Ada Songkolo Bagadang, Sop Saudara, Pallubasa Serigala, Mie Titi, bakso Atiraja, Otak-Otak dan berbagai jenis kue. Ada barongko, palita, biji nangka, bolu cuke, sanggara balanda, putu kacang dan baruasa. Eh, ada juga burasa dan sambala kaluku ternyata.
Dari semua ole-ole itu, ada satu yang menyita perhatian saya. Sebungkus plastik berisi Wajek Bandong. Yang ini langsung saya isolir, tak ada yang boleh mengkaplingnya, baik istri saya, maupunanak-anak. Mereka hanya boleh menguasai kue barongko dan sejenisnya, begitu saya mendarat di rumah Jakarta.
Wajek Bandong, camilan yang terbungkus kertas minyak warna-warni dalam size sekali lumat ini dibikin dari perpaduan beras ketan, kelapa parut dan gula. Mereka itu dimasak dalam satu adonan, hingga mendidih sekali. Lalu dibungkus dengan kertas minyak dalam model segi empat atau bulat-bulat. Dibiarkan hingga membeku sendiri. Wajek Bandong ini bisa tahan sepuluh hari.
Saya paham jenis kue ini, karena dulu sewaktu saya sekolah di SMP di Gowa, saya jualan Wajek Bandong. Saya bikin sendiri atas bantuan ibu dan adik-adik saya. Lalu saya jual titip dengan sistem konsinyasi di warung-warung kecil -gadde-gadde bahasa Makassarnya-- di daerah Mangasa dan sekitarnya.
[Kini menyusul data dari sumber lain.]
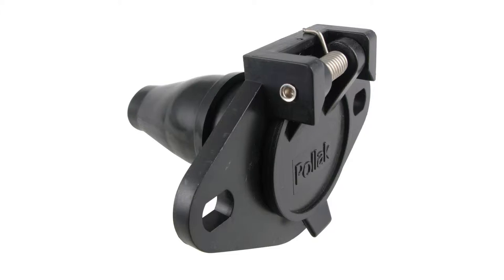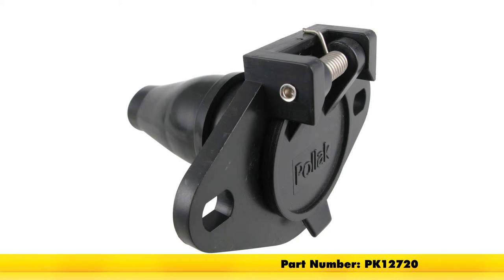We're ready to hook up. That's going to complete today's look at the Polak 6-pole round pin trailer wiring socket, part number PK12720.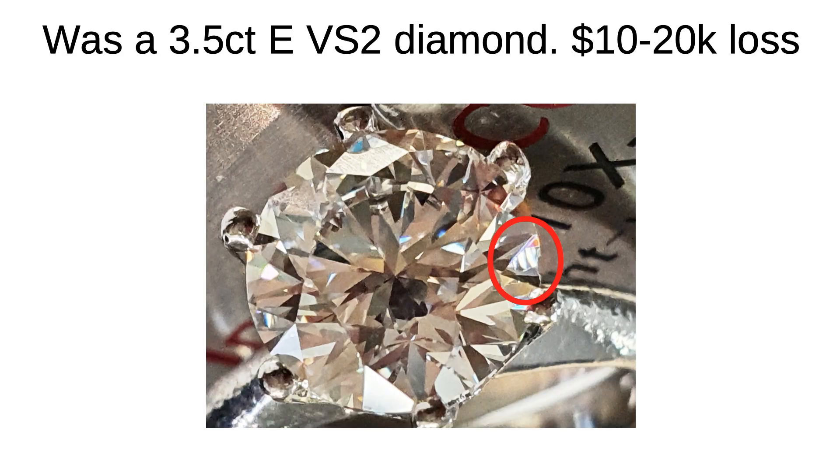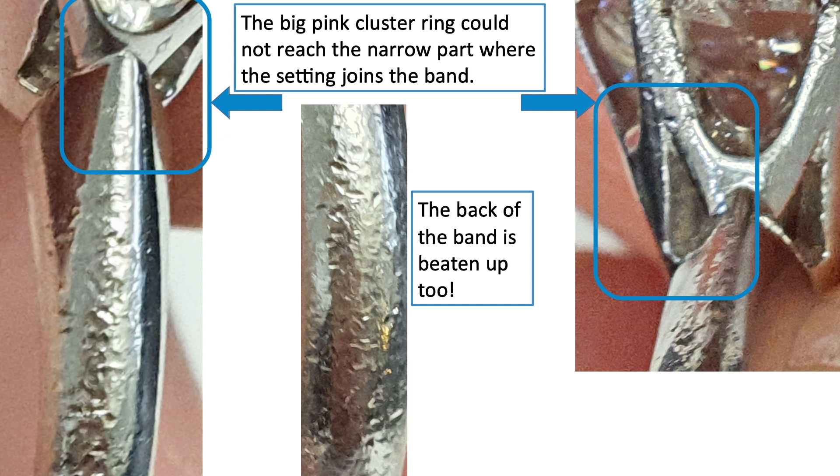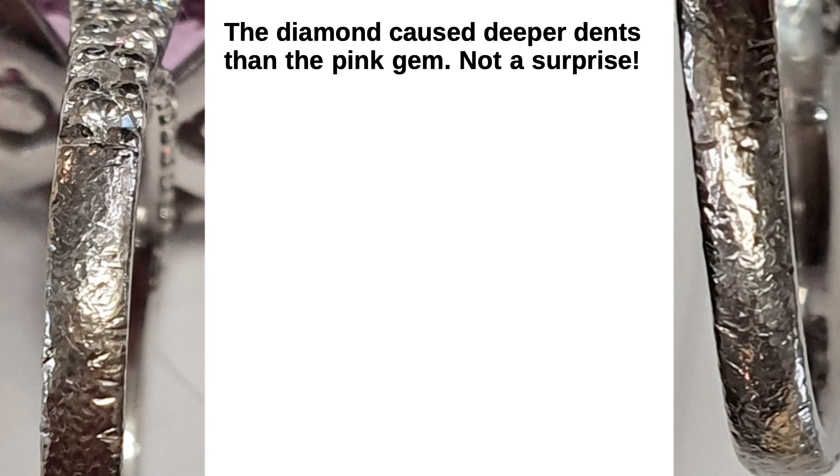A couple of weeks ago, a lady came in. I'd never seen her before. She was sent by another jeweller because the other jeweller didn't know what to do or how to assess the damage. So this is the problem, and I see it several times a year.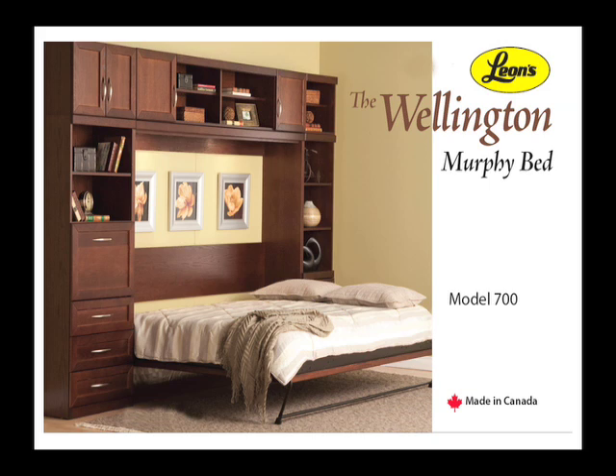Tools required for assembly of horizontal Murphy bed 700001 or vertical Murphy bed 700008. The assembly for both beds is the same.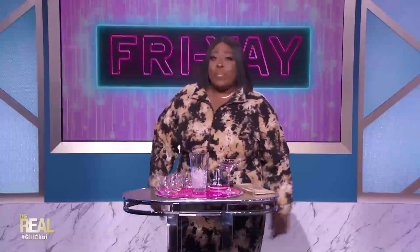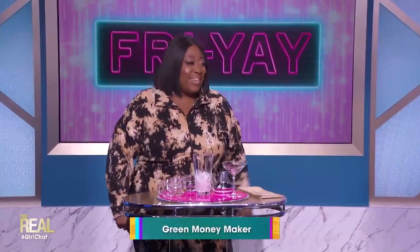Yes, to kick things off, I'll be whipping up a little something called the Green Money Maker, because, you know, we about making some money. Ain't that right, G-Money?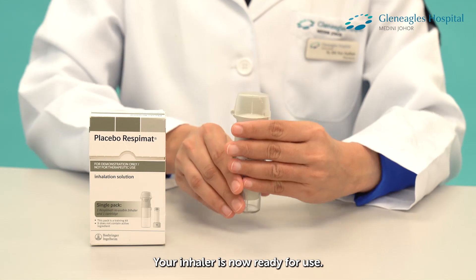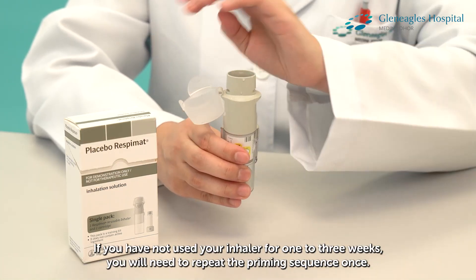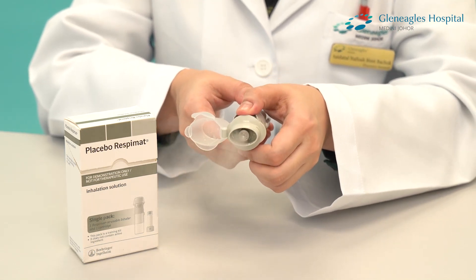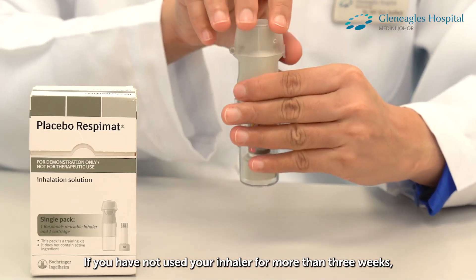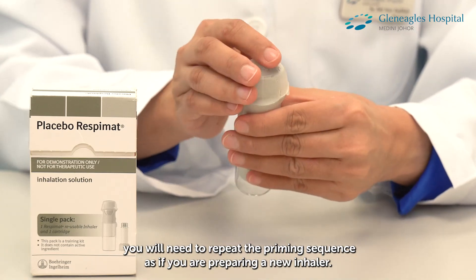The inhaler is now ready for use. If you have not used your inhaler for 1 to 3 weeks, you will need to repeat the priming sequence once. If you have not used your inhaler for more than 3 weeks, you will need to repeat the priming sequence as if you are preparing a new inhaler.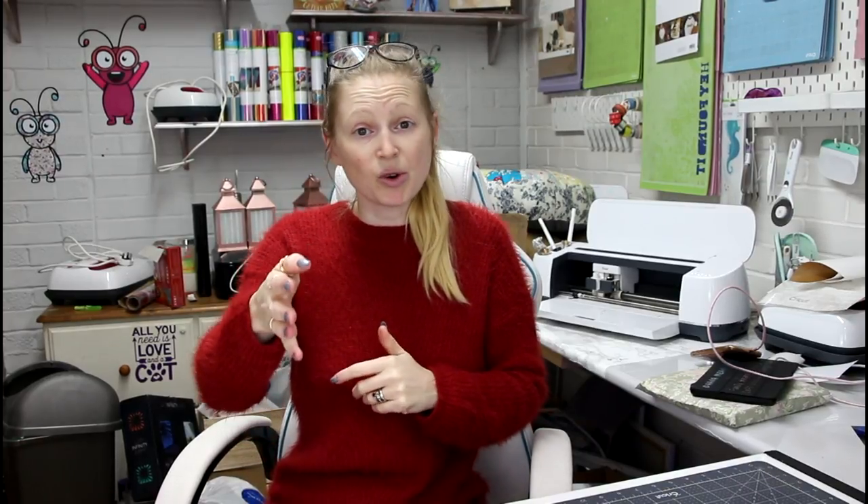So many of you will know or will have heard me talk about my sister-in-law Liz, who I absolutely adore. Liz owns a local sewing shop and I quite often shared her fabrics that she would give me. I even did a tour of the shop. She was an amazing lady and she made such a difference to the local sewing community. She really did.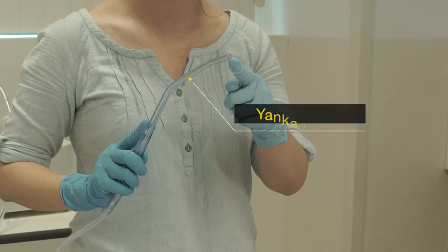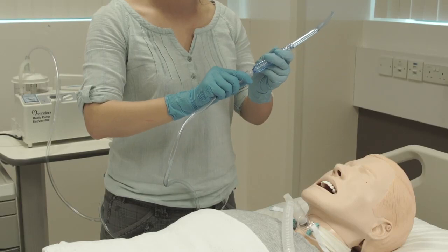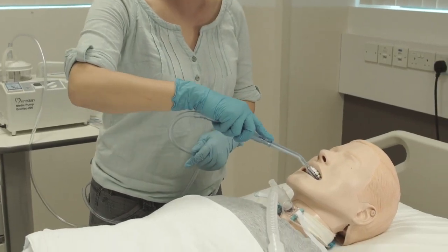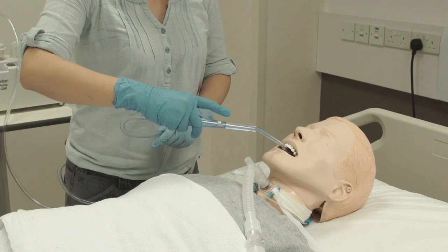You may also use a Yankauer catheter for suctioning of the mouth. The Yankauer catheter is a firm plastic tube with a large opening at the bulbous head. It allows for effective suctioning without damaging surrounding tissues. Connect it to the suction tube. Insert it into the patient's mouth and apply suction by covering the hole. Move the tip around the mouth to clear secretion.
Jadi ini Wajek Bandong punya nilai histori. Ia menopang hidup kami. Dan, terus terang ini kue kegemaran saya sejak kecil. Pagi tadi isteri saya menyajikannya bersama kopi hitam disaat saya sedang asyik menjelajah di dunia maya.
Nikmat. Orang Jakarte bilang, pagi ini klar idup lho...
Kenapa sampai dikatakan Wajek Bandong. Mungkin kue ini asalnya dari Bandung. Sebab di sana ada juga camilan bernama Wajik Bandung.